ASSIGNED TASK
An exact copy is needed of the lines in the entries below from the line with "2018 Winter New" up to and including the line with "Private deck with", and of nothing else. Leave the pictures out.

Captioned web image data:

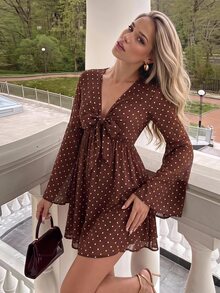 KARISMINA Polka Dot Print Knot Front Flounce Sleeve Dress - Brown - View 10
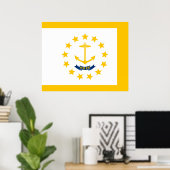 Vlag op Rhode Island - eiland Poster (Thuiskantoor)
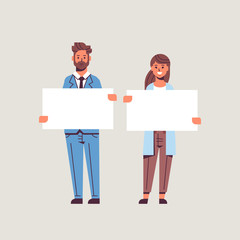 businesspeople man woman holding empty blank signboard business partners couple showing blank white cardboard advertisement concept flat full length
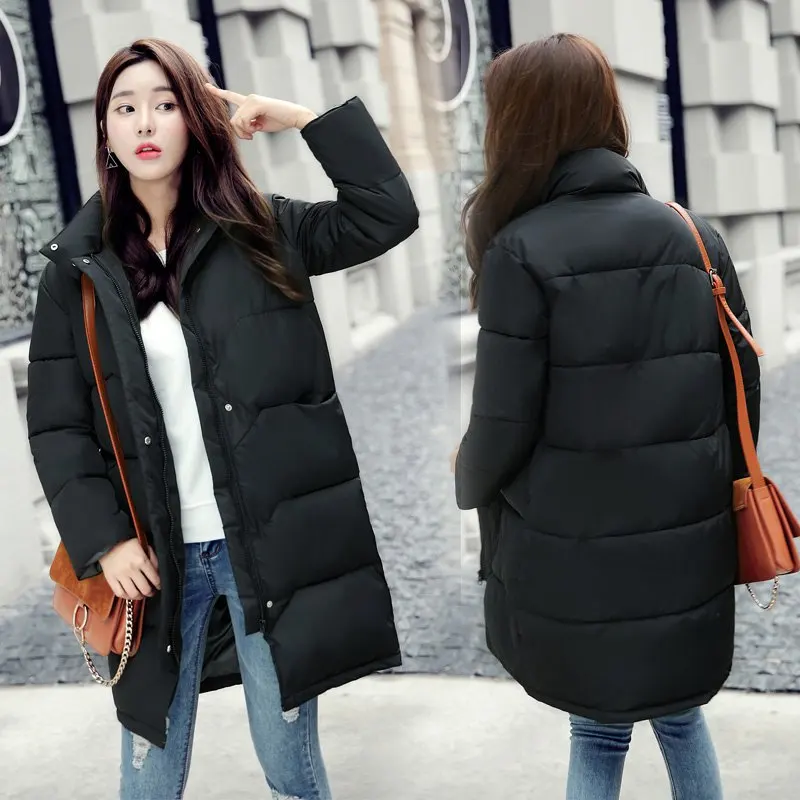 

2018 Winter New Style Korean-style Cotton-padded Clothes Women's Mid-length Loose-Fit Stand Collar down Coat Students Cotton Coa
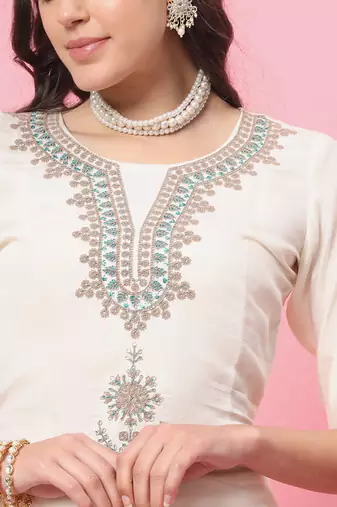 White color silk blended partywear ceremonial suit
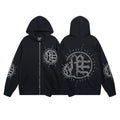 MIXED EMOTION Rhinestone Graphic Zip-Up Hoodie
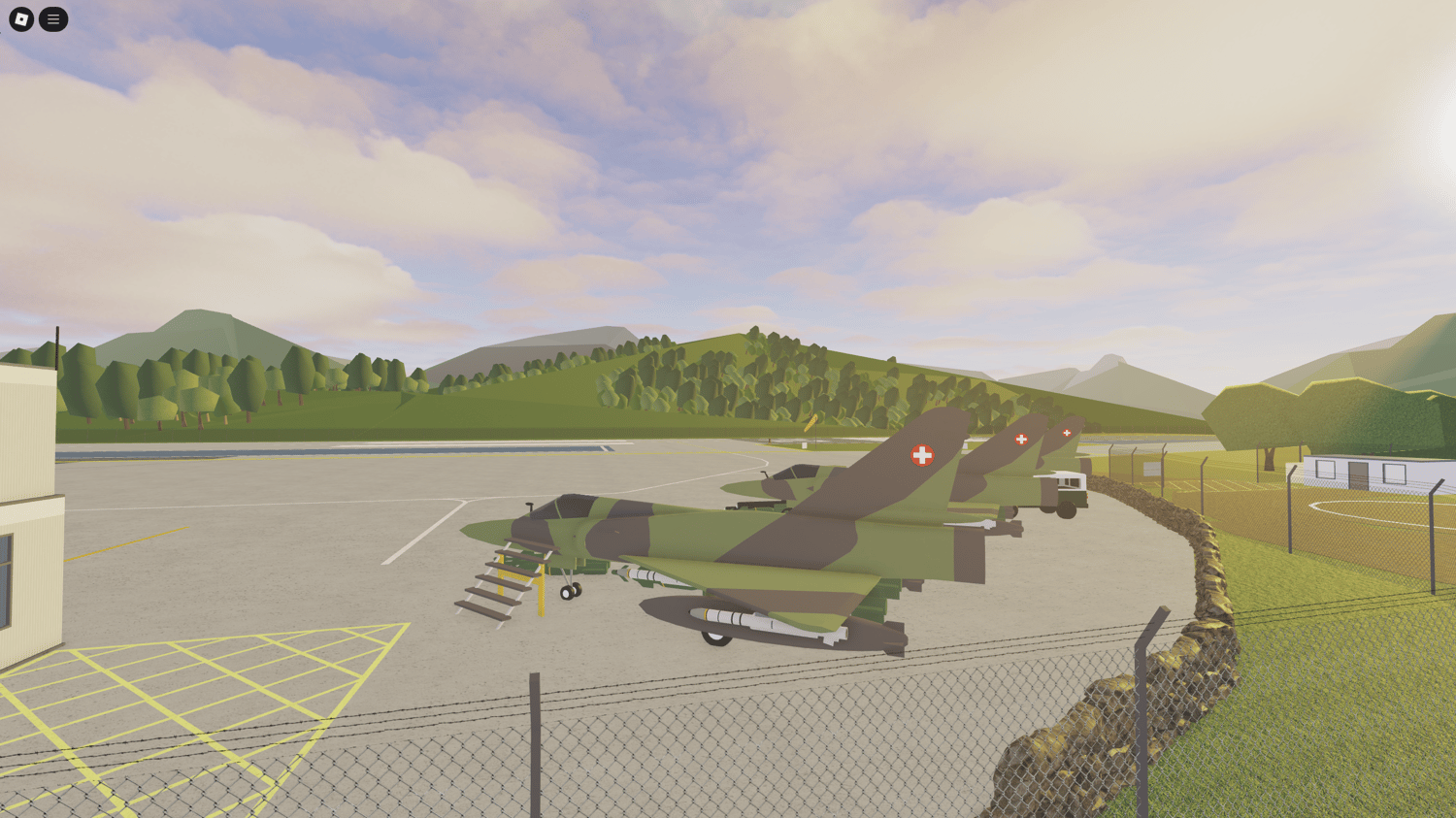 Interior of hangars and airport terminal in Roblox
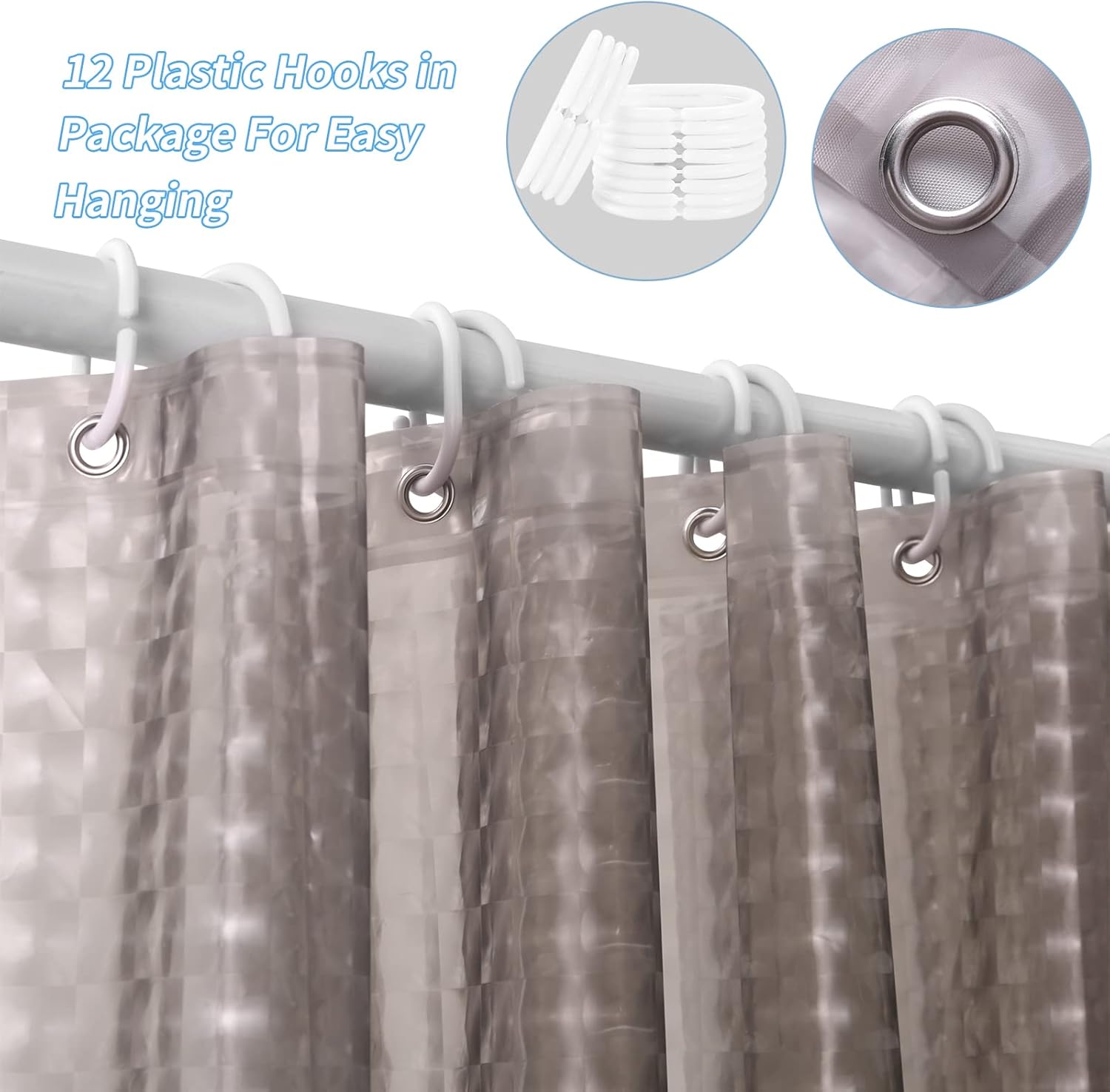 1Pc Gray Crystal Shower Curtai - Shower Curtain Liner บทวิจารณ์และราคา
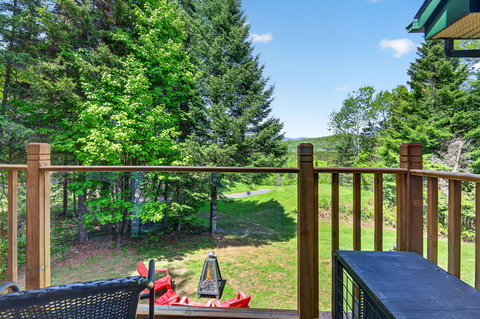 Private deck with fire feature, wooded views, and peaceful mountain scenery
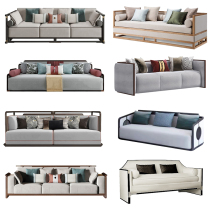 New Chinese Solid Wood Sofa Trio Bits Modern Minimalist Sales of the Prototype Rooms Hotel Zen Club Furniture Customisation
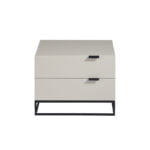 Pearl Gray wooden bedside table and black steel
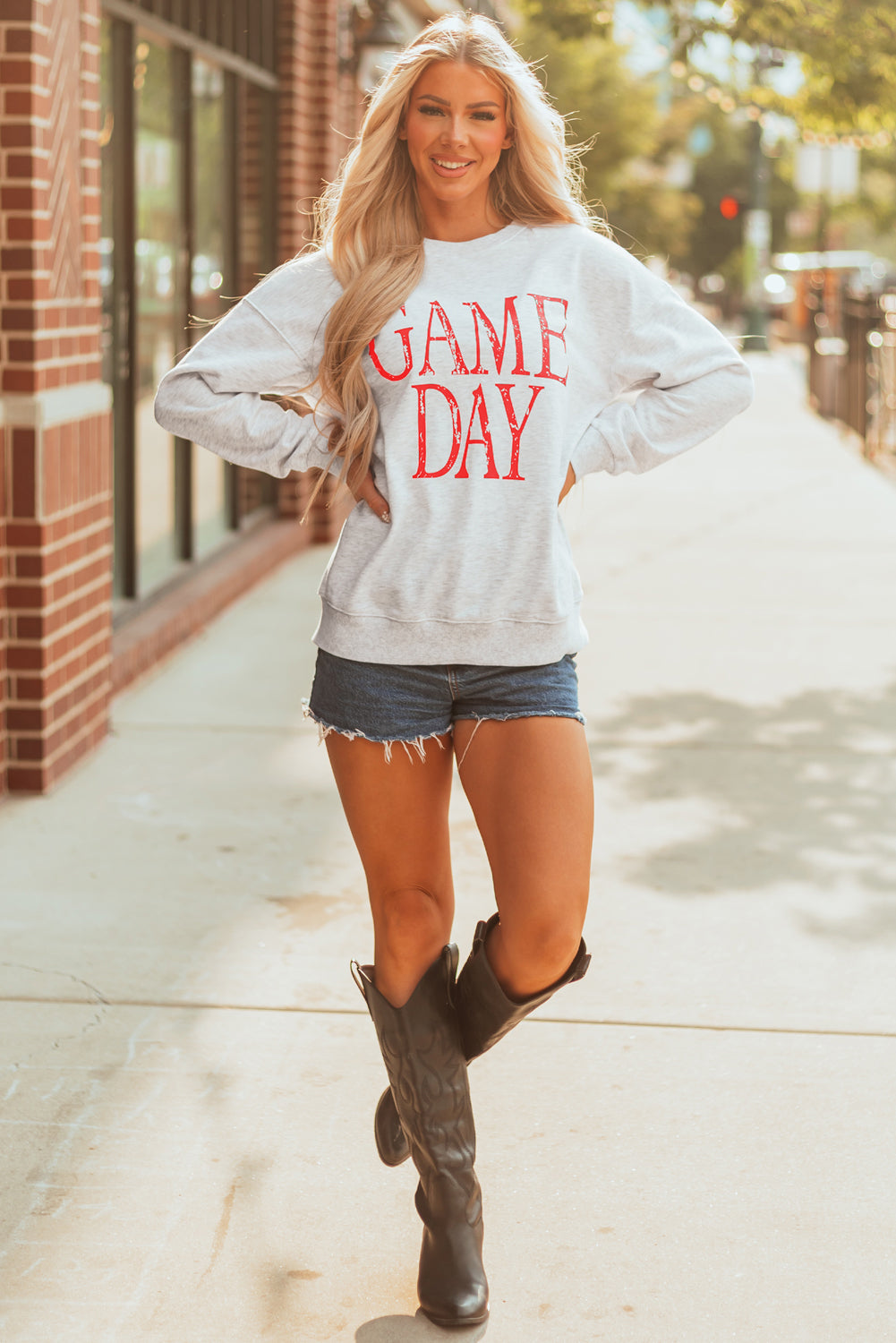 Red Vintage Washed Game Day Graphic Baggy Sweatshirt-Tops/Sweatshirts & Hoodies-[Adult]-[Female]-2022 Online Blue Zone Planet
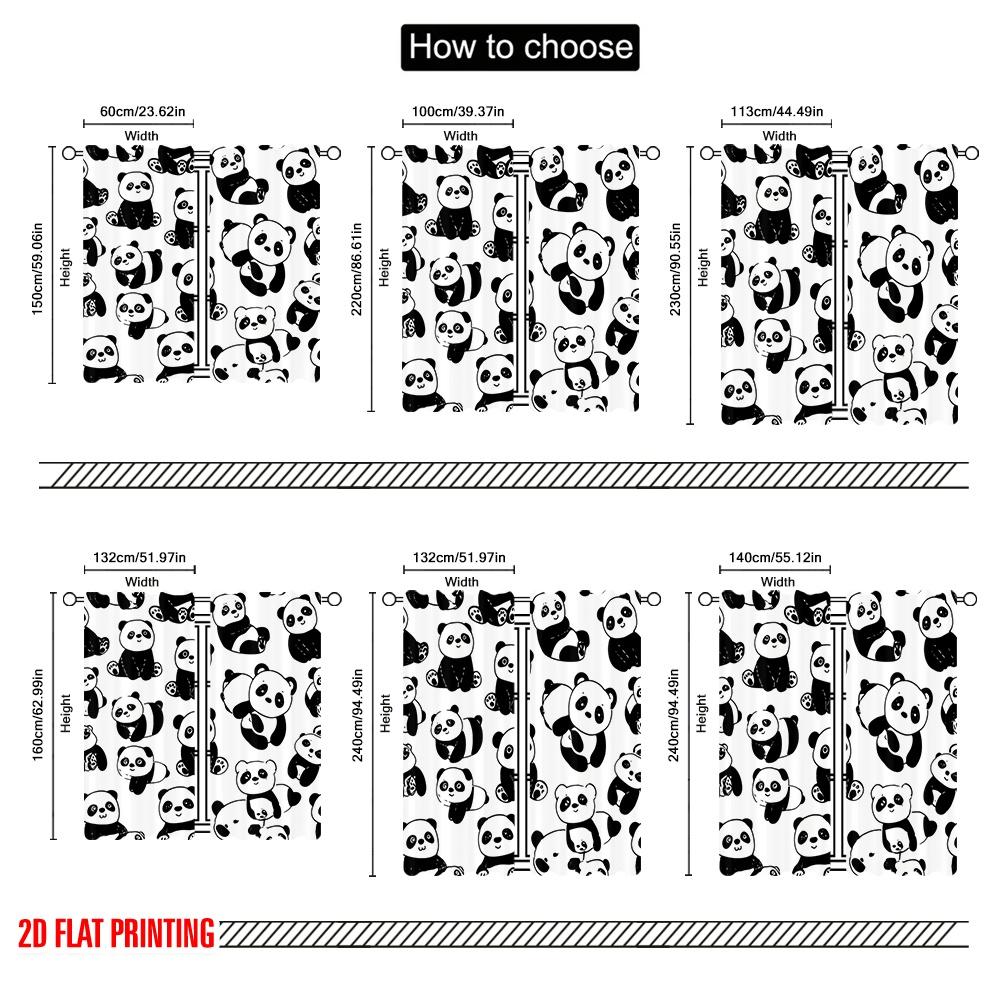 2D flat printing 2pcs Curtains Cute Panda Digital Printed Polyester Drapes All Season Party & Holiday Decor Use for Entryway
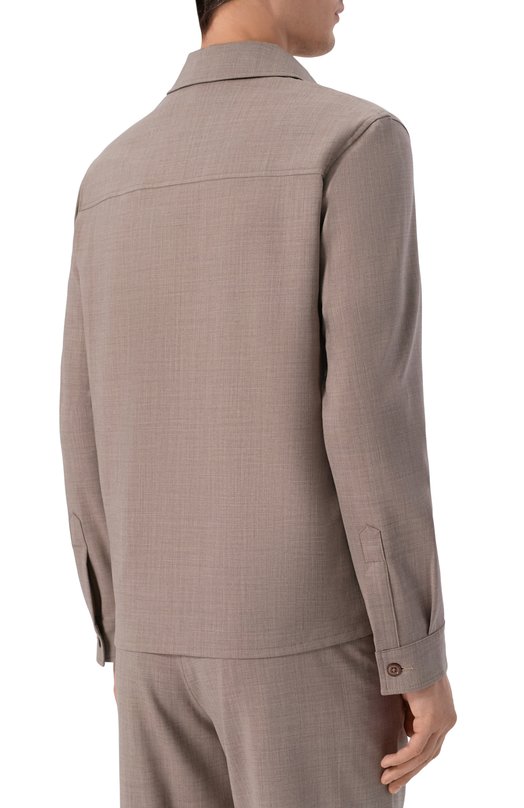 Шерстяная куртка-рубашка Marco Pescarolo URUS/5320 Бежевый  URUS/5320 Фото 4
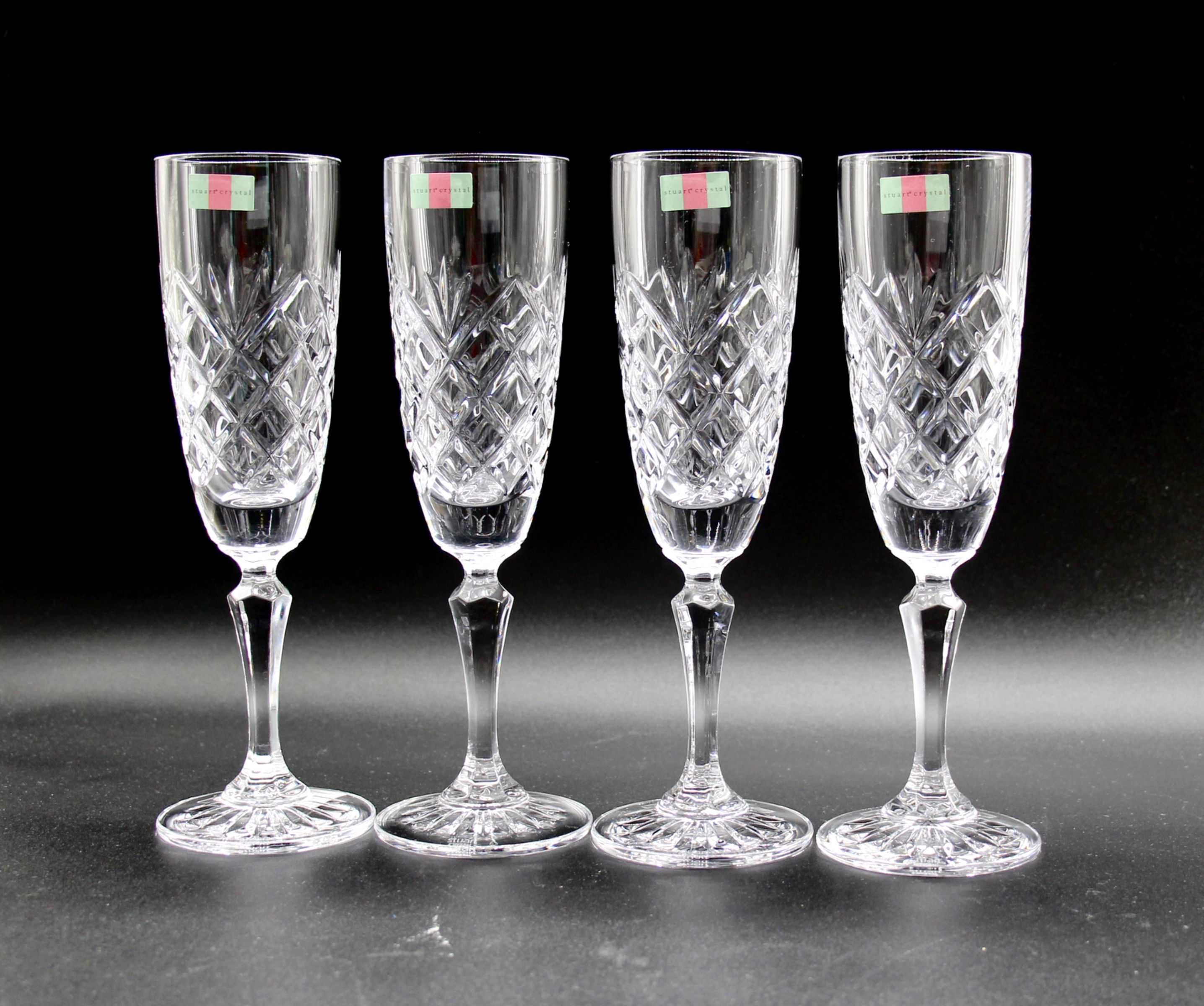STUART CRYSTAL 'York' Set of 4 Champagne Flutes - New in Box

ANSWER TO THIS PROBLEM
2018 Winter New Style Korean-style Cotton-padded Clothes Women's Mid-length Loose-Fit Stand Collar down Coat Students Cotton Coa
 White color silk blended partywear ceremonial suit
 MIXED EMOTION Rhinestone Graphic Zip-Up Hoodie
 Interior of hangars and airport terminal in Roblox
 1Pc Gray Crystal Shower Curtai - Shower Curtain Liner บทวิจารณ์และราคา
 Private deck with fire feature, wooded views, and peaceful mountain scenery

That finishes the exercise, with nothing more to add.